Some 144 WACOs, along with a small number of British Horsa gliders, were used for the first ever large-scale Allied glider operation launched on 9 July 1943 into enemy occupied Sicily and codenamed Operation Ladbroke. Bernard flew a WACO glider alongside his first pilot, Captain Tom McMillen. The two men were responsible for their aircraft and the fourteen fully laden air landing infantrymen of the 2nd Battalion The South Staffordshire Regiment on board.

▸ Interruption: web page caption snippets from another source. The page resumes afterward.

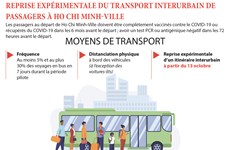 Reprise expérimentale du transport interurbain de passagers à Ho Chi Minh-Ville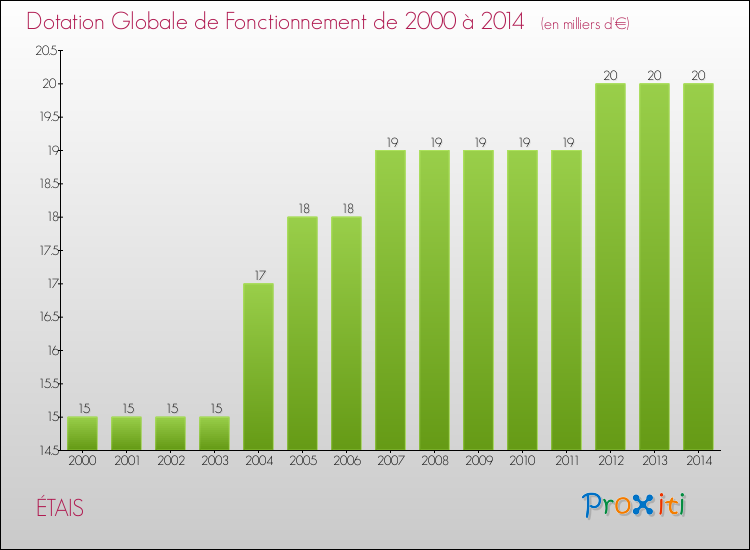 Evolution du montant de la Dotation Globale de Fonctionnement pour la commune de ÉTAIS de 2000 à 2014 Evolution du montant de la Dotation Globale de Fonctionnement pour ÉTAIS de 2000 à 2014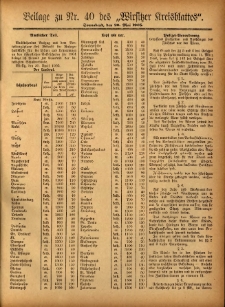 Beilage zu Nr.40 des „Wirsitzer Kreisblattes” 1905.05.20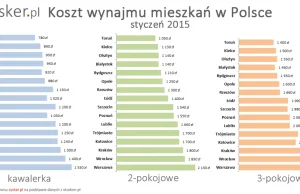 Ile kosztuje wynajem mieszkania w różnych miastach w Polsce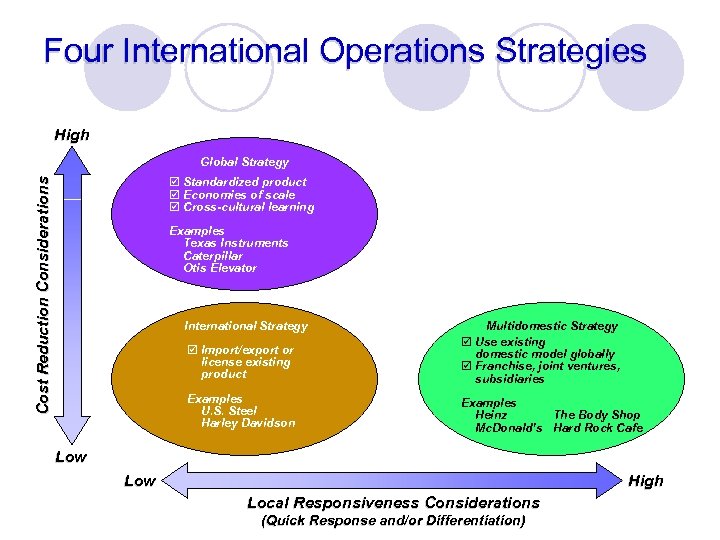 Four International Operations Strategies High Global Strategy Cost Reduction Considerations þ Standardized product þ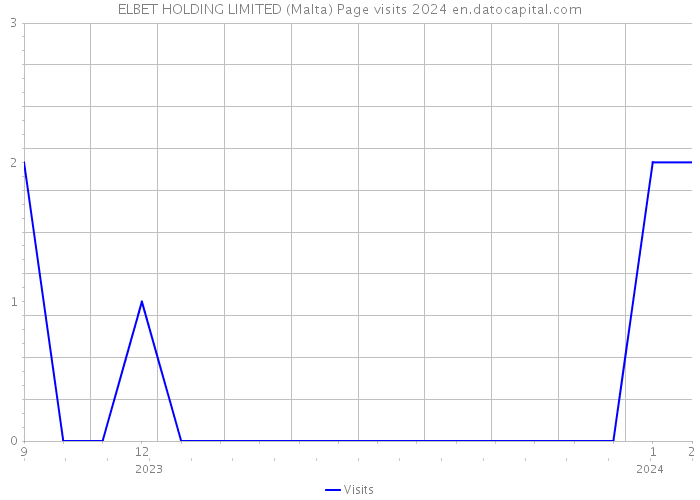 ELBET HOLDING LIMITED (Malta) Page visits 2024 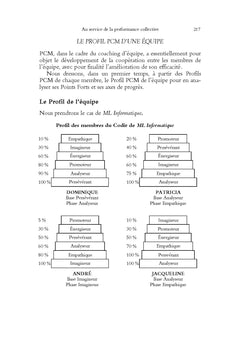 Coacher avec Process Communication Model - 3e éd.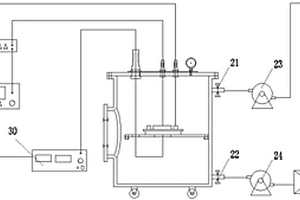基于巴申定律氣壓可調(diào)的固體絕緣材料高場(chǎng)強(qiáng)電阻率測(cè)試系統(tǒng)及其測(cè)試方法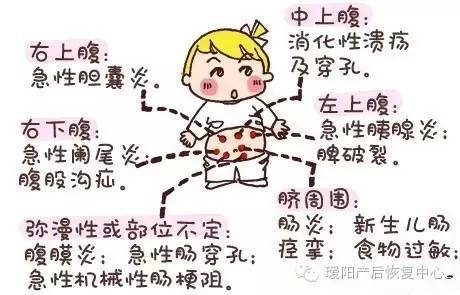 中上腹:消化性溃疡及穿孔 右上腹:急性胆囊炎 左上腹:急性胰腺炎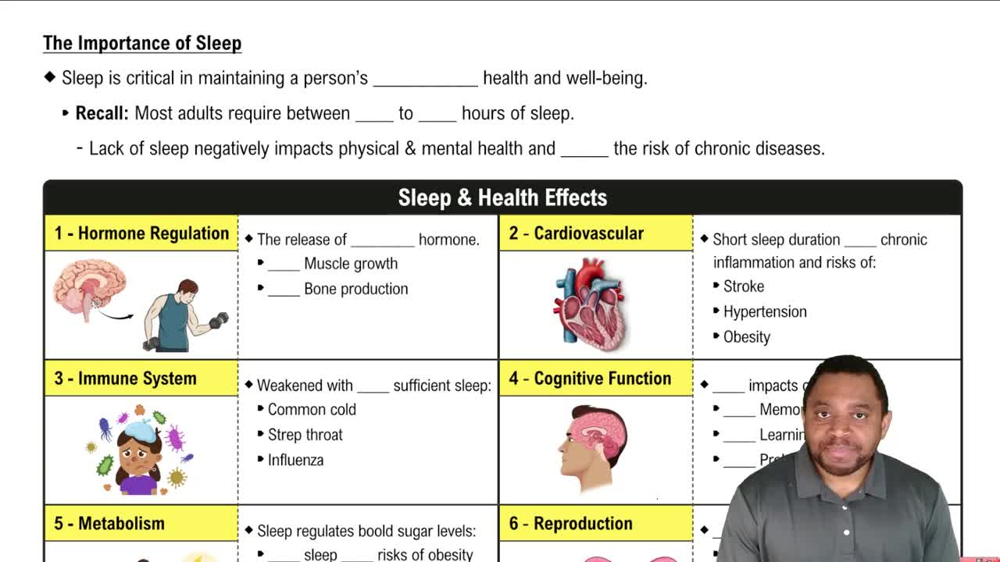 The Importance of Sleep Concept 1
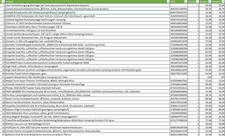 Retourenpalette - Camping (22)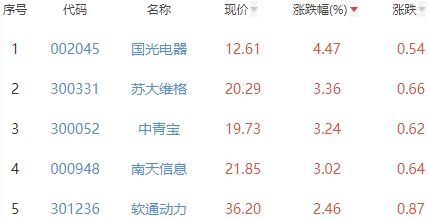 元宇宙板块跌0.27% 国光电器涨4.47%居首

Their WACO took off from Sousse at night directly into thirty-miles per hour of headwind and a dust storm, heading initially for Malta and then turning onto a course for Sicily. The two men wrestled to keep their glider on station with its tug, as the two aircraft bucked and weaved at 125 mph, just 250 feet above the Mediterranean Sea. The delivery of the glider force did not go well; only 78 of the gliders towed from North Africa were destined to reach Sicily and only 12 landed their troops on their designated Landing Zones.
Amidst the confusion and worsening visibility over Sicily both glider pilots lost sight of the station-keeping lights on their USAAF C47 Skytrain tug aircraft. In spite of losing the main formation, the USAAF pilot managed to find the correct release point and the glider cast off from its tow. It was just after this point that Bernard spotted a fire on the ground below and pointed it out to Captain McMillen at the controls. The two men brought the heavily laden glider into land at an approach speed of eighty miles per hour and the landing run came to an abrupt halt when the nose of the glider crashed into the low stone wall of a tomato orchard. Captain McMillen injured his leg during the crash; Bernard came away from the landing without injury.
Once the glider pilots and their passengers had extracted themselves from their battered glider they set off for the Ponte Grande Bridge outside Syracuse; Bernard took the lead. On arrival, they found that the vital bridge was already in the hands of the 2nd Battalion of the South Staffords and other elements of the 1st Air Landing Brigade. The new arrivals were given positions and arcs of fire covering a section of the airborne defensive perimeter around the twin-span highway bridge. Italian counter-attacks on the bridge persisted through the afternoon and into the night. During the second day of the battle British ammunition stocks ran low and casualties mounted.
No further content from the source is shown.